Directions for this task:
Using the line with "Koningsdag is dit" as your starting point, transcribe it and each line beneath it word for word until the records run out, without pictures.

[Start of Attachment]

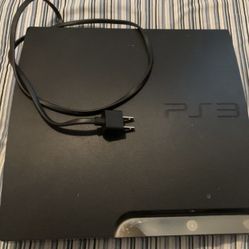Play Station 3. (2 Controllers)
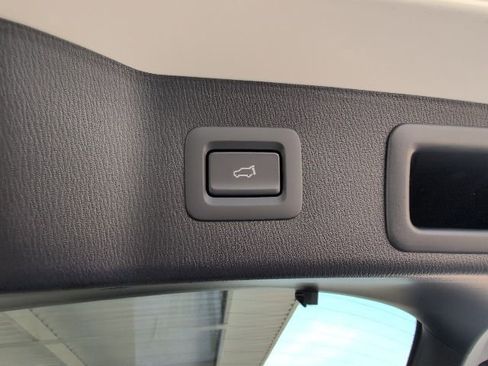 Used 2025 MAZDA CX-5 AWD 2.5 S w/ Preferred Package image 17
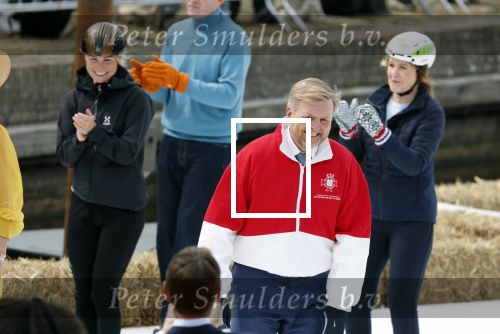 Dokkum 27 april 2026
Koningsdag is dit jaar in Dokkum . Namens de koninklijke familie zijn aanwezig : Koning Willem Alexander Koningin Maxima Prinses Amalia Prinses Alexia Prinses Ariane Prins Constantijn Prinses Laurentien Prins Maurits Prinses Marilene Prins Bernhard Prins Floris Prinses Aimee Prins Pieter Christiaan en Prinses Anita .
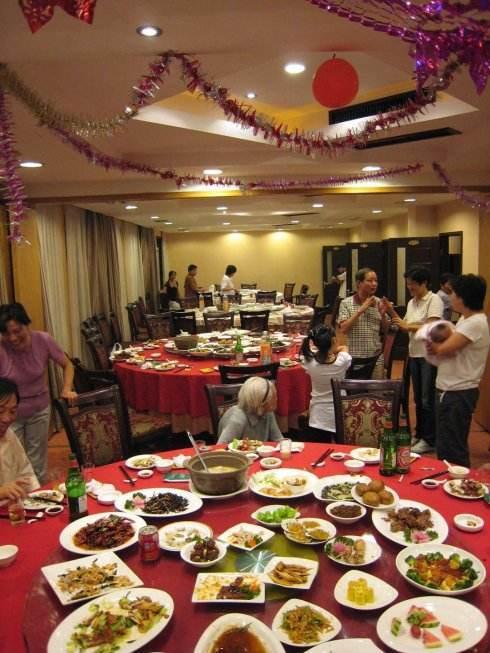 老婆生了一个儿子,全家都挺高兴,说等儿子满月了办个酒席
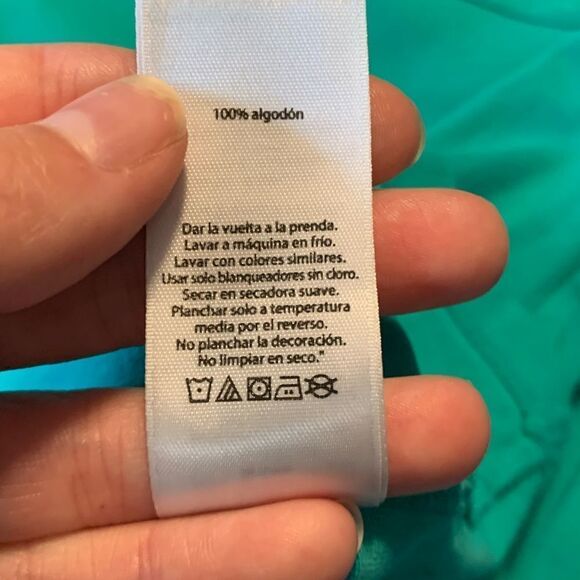 3 for $30! Vineyard vines graphic long sleeve top - Picture 9 of 12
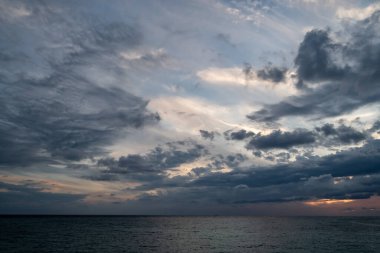 Terk edilmiş Karadeniz kıyısında parlak resimli günbatımı
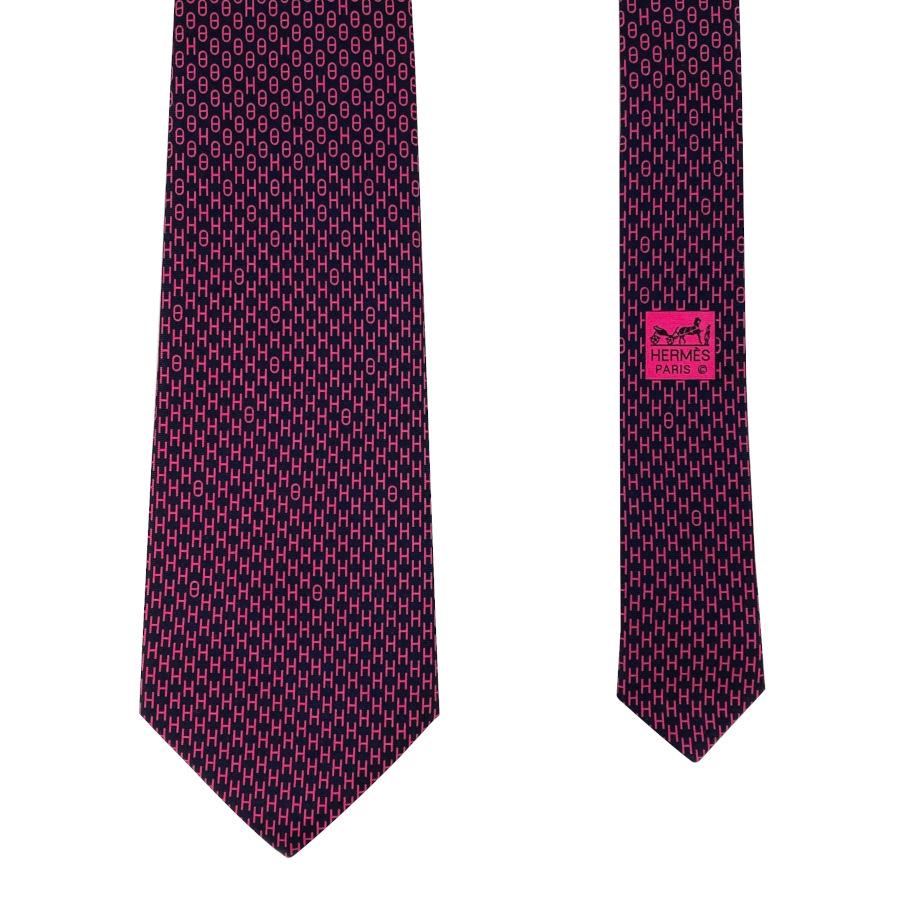 ★ラッピング無料★ エルメス HERMES ネクタイ ツイルタイ9.1cm《H ENCHAINES》H045609MA ネイビー 紺 ピンク フューシャ プレゼント ギフト メンズ 男性 | HERMES | 04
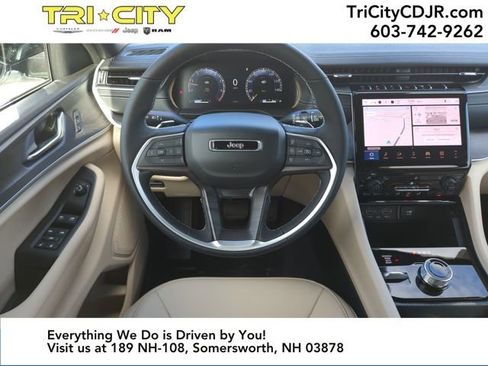 New 2025 Jeep Grand Cherokee Limited image 13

[End of Attachment]

Completed task:
Koningsdag is dit jaar in Dokkum . Namens de koninklijke familie zijn aanwezig : Koning Willem Alexander Koningin Maxima Prinses Amalia Prinses Alexia Prinses Ariane Prins Constantijn Prinses Laurentien Prins Maurits Prinses Marilene Prins Bernhard Prins Floris Prinses Aimee Prins Pieter Christiaan en Prinses Anita .
 老婆生了一个儿子,全家都挺高兴,说等儿子满月了办个酒席
 3 for $30! Vineyard vines graphic long sleeve top - Picture 9 of 12
 Terk edilmiş Karadeniz kıyısında parlak resimli günbatımı
 ★ラッピング無料★ エルメス HERMES ネクタイ ツイルタイ9.1cm《H ENCHAINES》H045609MA ネイビー 紺 ピンク フューシャ プレゼント ギフト メンズ 男性 | HERMES | 04
 New 2025 Jeep Grand Cherokee Limited image 13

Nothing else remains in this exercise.